Detailed Matchbacks Offer Stronger B-to-B Purchase Data

For marketers, using data to determine which marketing communications contributed to generating a purchase helps guide media decisions. But capturing and incorporating these influences is difficult for marketers of all stripes—those focusing on consumers as well as industrial targets. And within the business-to-business arena, there are additional complexities.

It is easy—and therefore tempting—to attribute a sale either to the last outreach effort, or the one which actually results in a sale. But there are several hazards in using these methods. The first is that electronic solicitations often result in immediate sales, or have built-in sales tracking mechanisms. As a result, marketers tend to over-credit their impact on sales, while underestimating offline efforts’ import.

The second is that B-to-B purchases often go through several layers of recommendation and approval. A marketer relying only on purchase orders for channel influence runs the risk of not identifying key individuals who received and passed along promotional pieces.

Then there is the hazard of “white mail” orders—purchases that come in seemingly without a specific catalyst, as in those which arrive without a promotion code, or from an individual not targeted by a recent campaign.

“The preference of the customer is to get information [through a variety of channels] and place orders online,” says Blair Barondes, executive vice president of marketing services for MeritDirect. “What that means is that marketers’ traditional tracking mechanisms are useless. How do you make good decisions about what vehicles to invest in when you don’t know the results?”

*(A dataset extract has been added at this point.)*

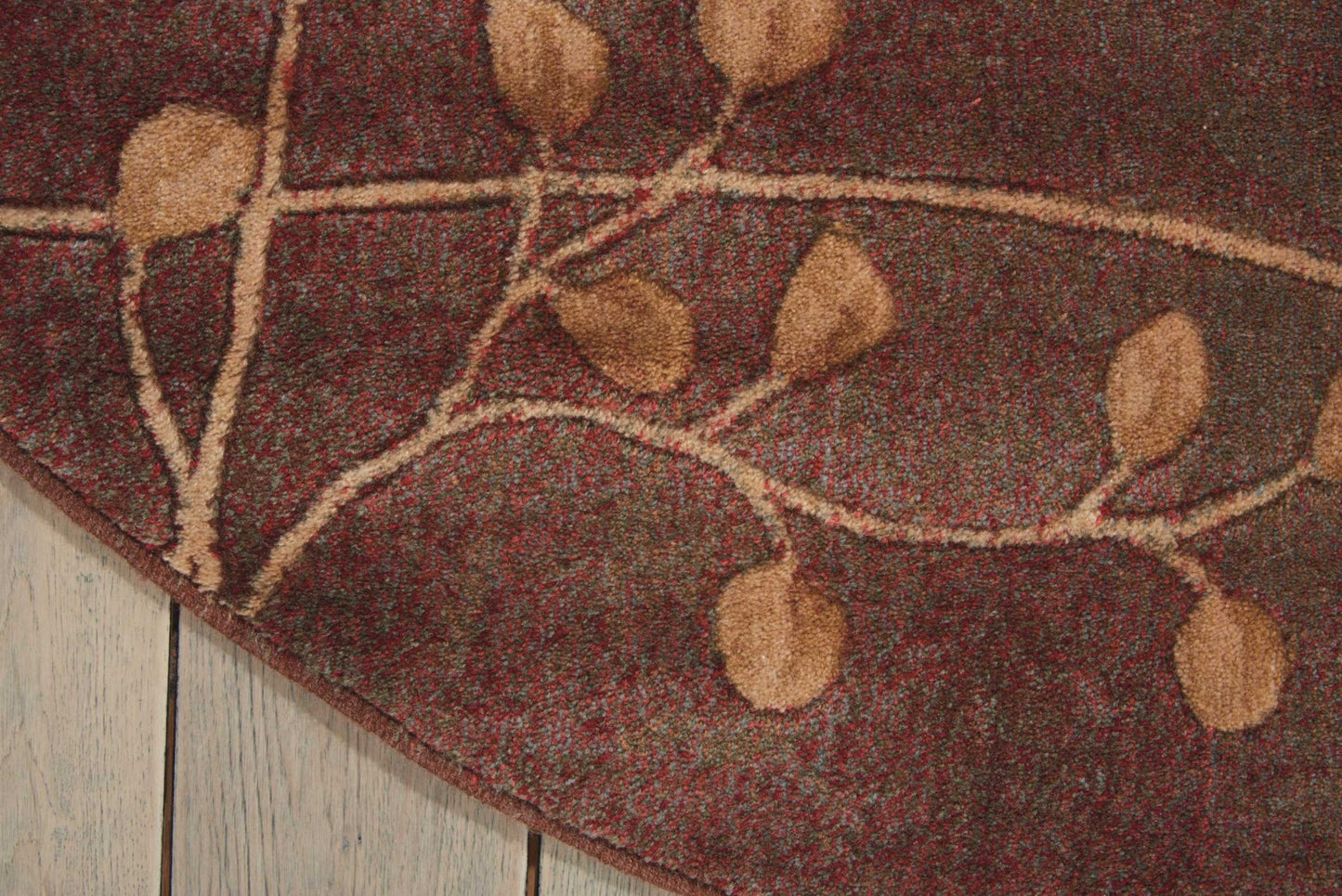 6' Brown Round Floral Power Loom Area Rug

If B-to-B marketers have any advantage in this arena over consumer-focused companies, it’s that few of them do a lot of mass-market brand messaging. “What is available to OfficeMax is not available to typical B-to-B marketers,” Barondes says.

This alleviates at least one headache for marketers wanting to attribute their advertising program’s efficacy: They don’t have to factor gross rating points and similar mass marketing measures into their calculations. But this still leaves the question of mail and telephone efforts, the influence of which can be underrepresented.

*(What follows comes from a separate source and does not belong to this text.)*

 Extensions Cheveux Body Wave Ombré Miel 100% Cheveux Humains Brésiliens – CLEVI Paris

One method B-to-B marketers can use for determining a channel’s efficacy is to establish control groups. Because mass media is usually not a factor in B-to-B purchases, marketers have more control over the messages a target sees. Holding out a sample group from a catalog mailing, and tracking how an institution’s online purchases compare to those receiving catalogs, email solicitations and perhaps a telephone call can demonstrate this channel’s influence, even if orders aren’t directly generated from it.

“Once [marketers] see the incremental results their direct [mail] channel drove, it frequently is enough for them to change their investment,” Barondes says.

Matchbacks which can change their level of granularity—from, for instance, an individual to a site or enterprise level—can also demonstrate different channels’ effectiveness. An online order from an institution may come in, say, through an e-mail sent to a purchasing executive. But part of the order may have been spurred by a catalog sent to a different manager, and a database which can give a quick overview of all targets within an organization will offer more insight into how purchases are spurred.

In that case, being able to amalgamate and analyze marketing collateral recipients at a single site, or for a single entity, allows a marketer to determine multiple influencers. “We have found that acquiring a second buyer at a site far more than doubles the value at that site,” Barondes says. “It improves retention and average purchase size, and begins to establish you as the vendor of preference.”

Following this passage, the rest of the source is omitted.